Burger King parent Restaurant Brands International Inc. will be accelerating part of its planned “Reclaim the Flame” $400 million investment in the U.S. business, executives said Tuesday.
The Toronto-based RBI, which released its fourth quarter earnings Tuesday, said the Royal Reset program has spent about $17 million, including $15 million for new point-of-sale terminals, kitchen display screens and indoor digital menu boards. Those are being deployed this month, said Joshua Kobza, the chief operating officer who will be succeeding José Cil as CEO on March 1.
“To better capitalize on the momentum, we're seeing in the business we've decided to accelerate our timeline and now expect to deploy the majority of our announced $50 million Royal Refresh spend in 2023,” Kobza said.
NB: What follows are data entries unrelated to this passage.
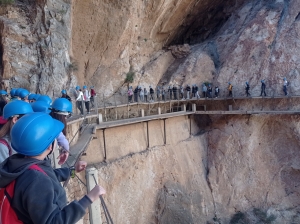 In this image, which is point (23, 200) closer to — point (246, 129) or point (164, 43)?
point (246, 129)

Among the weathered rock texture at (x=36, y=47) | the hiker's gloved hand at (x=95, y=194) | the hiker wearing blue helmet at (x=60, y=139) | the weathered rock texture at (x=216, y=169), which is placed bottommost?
the weathered rock texture at (x=216, y=169)

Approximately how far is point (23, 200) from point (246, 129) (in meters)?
17.1

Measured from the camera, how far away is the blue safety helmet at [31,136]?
1.96m

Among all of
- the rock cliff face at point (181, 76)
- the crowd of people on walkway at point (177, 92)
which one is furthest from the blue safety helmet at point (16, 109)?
the crowd of people on walkway at point (177, 92)

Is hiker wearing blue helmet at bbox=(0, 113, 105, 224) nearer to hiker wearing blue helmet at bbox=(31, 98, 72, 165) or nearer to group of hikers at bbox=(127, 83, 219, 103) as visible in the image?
hiker wearing blue helmet at bbox=(31, 98, 72, 165)

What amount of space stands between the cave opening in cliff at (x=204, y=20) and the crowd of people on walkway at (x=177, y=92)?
5.81 meters

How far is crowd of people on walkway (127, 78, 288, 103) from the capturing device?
→ 17094 millimetres

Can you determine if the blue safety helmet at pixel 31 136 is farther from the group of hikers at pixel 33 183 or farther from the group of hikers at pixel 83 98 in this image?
the group of hikers at pixel 83 98

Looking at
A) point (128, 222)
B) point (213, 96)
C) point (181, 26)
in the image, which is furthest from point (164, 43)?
point (128, 222)

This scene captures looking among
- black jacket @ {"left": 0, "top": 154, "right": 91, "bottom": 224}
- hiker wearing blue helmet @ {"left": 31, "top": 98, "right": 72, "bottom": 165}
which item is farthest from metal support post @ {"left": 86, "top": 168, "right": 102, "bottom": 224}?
black jacket @ {"left": 0, "top": 154, "right": 91, "bottom": 224}

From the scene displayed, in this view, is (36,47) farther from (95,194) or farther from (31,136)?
(95,194)

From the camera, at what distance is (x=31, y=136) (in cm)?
197

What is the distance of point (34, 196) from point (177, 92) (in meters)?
16.5

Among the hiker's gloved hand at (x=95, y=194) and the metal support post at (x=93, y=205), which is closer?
the hiker's gloved hand at (x=95, y=194) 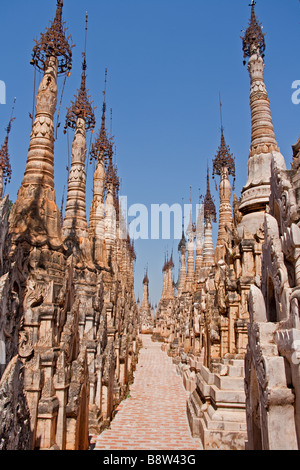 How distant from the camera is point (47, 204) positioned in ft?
26.9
RBI also owns the Tim Hortons, Popeyes Louisiana Kitchen and Firehouse Subs brands.
During the fourth quarter, he said, “We also continued working through applications for our Royal Reset remodel program, which provides up to $200 million of funding for high-quality remodels prioritizing restaurants operators and remodels that offer the greatest potential to deliver the highest returns for our franchisees.”
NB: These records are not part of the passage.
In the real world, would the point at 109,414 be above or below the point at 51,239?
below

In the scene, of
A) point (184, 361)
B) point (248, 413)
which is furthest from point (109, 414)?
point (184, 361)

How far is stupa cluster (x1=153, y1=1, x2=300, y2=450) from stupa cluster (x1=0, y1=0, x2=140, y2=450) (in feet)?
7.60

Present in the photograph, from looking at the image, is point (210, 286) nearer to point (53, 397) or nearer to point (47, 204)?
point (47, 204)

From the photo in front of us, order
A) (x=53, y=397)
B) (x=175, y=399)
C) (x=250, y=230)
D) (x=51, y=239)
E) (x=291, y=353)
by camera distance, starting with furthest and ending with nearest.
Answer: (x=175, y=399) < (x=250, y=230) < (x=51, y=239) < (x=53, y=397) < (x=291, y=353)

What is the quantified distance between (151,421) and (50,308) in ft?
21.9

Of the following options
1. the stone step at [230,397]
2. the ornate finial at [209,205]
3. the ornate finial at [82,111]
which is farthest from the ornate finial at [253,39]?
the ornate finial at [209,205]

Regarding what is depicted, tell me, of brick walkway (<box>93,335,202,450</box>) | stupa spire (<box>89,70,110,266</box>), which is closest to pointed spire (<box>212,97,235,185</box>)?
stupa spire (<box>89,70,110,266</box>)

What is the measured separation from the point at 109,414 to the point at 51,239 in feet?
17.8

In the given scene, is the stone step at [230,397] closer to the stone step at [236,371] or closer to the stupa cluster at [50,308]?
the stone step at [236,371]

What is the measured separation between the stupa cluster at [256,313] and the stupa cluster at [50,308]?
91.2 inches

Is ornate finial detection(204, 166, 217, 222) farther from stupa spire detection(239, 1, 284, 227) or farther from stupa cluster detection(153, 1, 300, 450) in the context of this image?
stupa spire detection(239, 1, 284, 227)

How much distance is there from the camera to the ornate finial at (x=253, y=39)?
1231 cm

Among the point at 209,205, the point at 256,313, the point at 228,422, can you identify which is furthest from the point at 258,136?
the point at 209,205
The Royal Reset program investments are matched dollar for dollar by participating franchisees, who are upgrading kitchen equipment like fryers and broilers as well as improving properties with lighting and signage, Kobza said.
“We've mentioned before that quality over quantity is a key priority for this program,” Kobza added, “and I'm pleased to see franchisees also embracing this mindset. Nearly a quarter of the remodel applications are for scrape and rebuilds. While these scrapes are the most intensive capital project type, they also see the highest sales uplift and position the brand for success in their markets for decades to come.”
Burger King in September unveiled its plans to invest $400 million over the next two years in advertising, digital platforms, technology, remodels and relocations to spur franchise growth in the United States.
The company said its “Reclaim the Flame” plan included $150 million in advertising and digital investments over the next two years and $250 million for restaurant technology, kitchen equipment, building enhancements, remodels and relocations.
Patrick Doyle, the former Domino’s Pizza CEO who was named RBI’s executive chairman in November and investment $30 million in the company, said the Kobza-Cil transition comes as the company has growth in mind.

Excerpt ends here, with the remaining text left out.